Dans ses mains, l'Archisade avait pris ce ciel ; elle écarta les bras, millimètre par millimètre, pour le déchirer.
De grandes fractures traversèrent cet espace blanc, jusqu'ici infini en apparence, et qui se révélait n'être qu'une simple coquille d'œuf encerclant le berceau des Sysades. Ce devait être l'ultime tour de Zora. Après avoir pris le contrôle de cette dimension, elle révélait enfin à la face d'Avalon cette puissance sur laquelle le monde ne pouvait, jusqu'ici, que spéculer.
De larges pans de ciel se brisèrent ; leur blancheur se dissolvant laissa apparaître des éclats bleu azur.
« Je me répugnais à intervenir dans les affaires du monde, dit Zora. Mais devant l'urgence qui nous lie tous, c'est devenu indispensable. Et Istrecht en sera témoin. »
À ces mots, elle rompit l'espace du Château.
Le ciel blanc tomba aux alentours comme des lambeaux de tapisserie démodée. Le Soleil d'Avalon apparut au-dessus d'eux, sa chaleur s'imprima sur leurs nuques ; ils étaient plus haut que la plus grande montagne d'Avalon, et cette proximité se sentait. Les tours blanches du Château miroitaient comme la surface d'un lac ; vu d'en bas, il devait ressembler à un mirage.
Bouche bée, Erna baissa les yeux pour découvrir, entre deux nuages, la plaine venteuse du Sud d'Avalon, les moulins à vent dispersés tels des herbes sèches, le Grand Ravin qui coupait le continent en deux, et enfin, logée sur ses deux versants, de calcaire sur sa face Nord et de brique rouge sur sa face Sud, la cité d'Istrecht.

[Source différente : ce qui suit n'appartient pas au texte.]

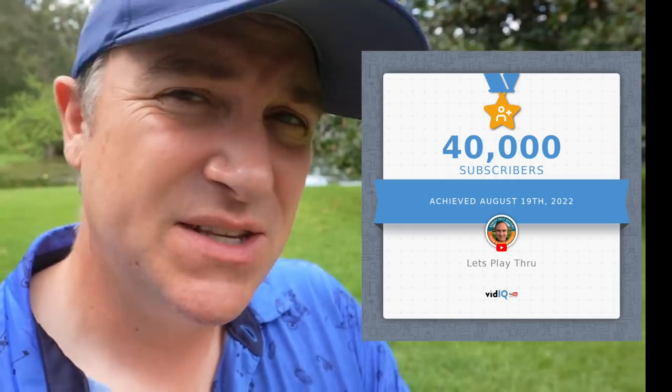Hey golf people, it's time for part two of our ask me anything series. This was in celebration of us hitting 40,000 subscribers — so many questions that I had to break this into a couple of videos. This is installment number two, let's get right into it.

À cet instant, le vent changea brutalement de course, et les mille éoliennes, les mille girouettes qui surmontaient les tours d'Istrecht se retournèrent comme si les coqs et les dragons en fer forgé cherchaient à fuir l'attaque.
Autrefois, et en ce même lieu, le peuple d'Avalon avait vu le Dragon manger le Soleil et enserrer le monde ; cela lui avait appris que Mû était puissante, et qu'elle présidait à sa destinée. En ce jour, Zora renversait l'ordre établi. Le Château dans le ciel était son nouveau symbole ; la puissance nouvelle qui avait remplacé le Dragon, et dont l'image serait gravée dans les vitraux pour les deux prochains siècles.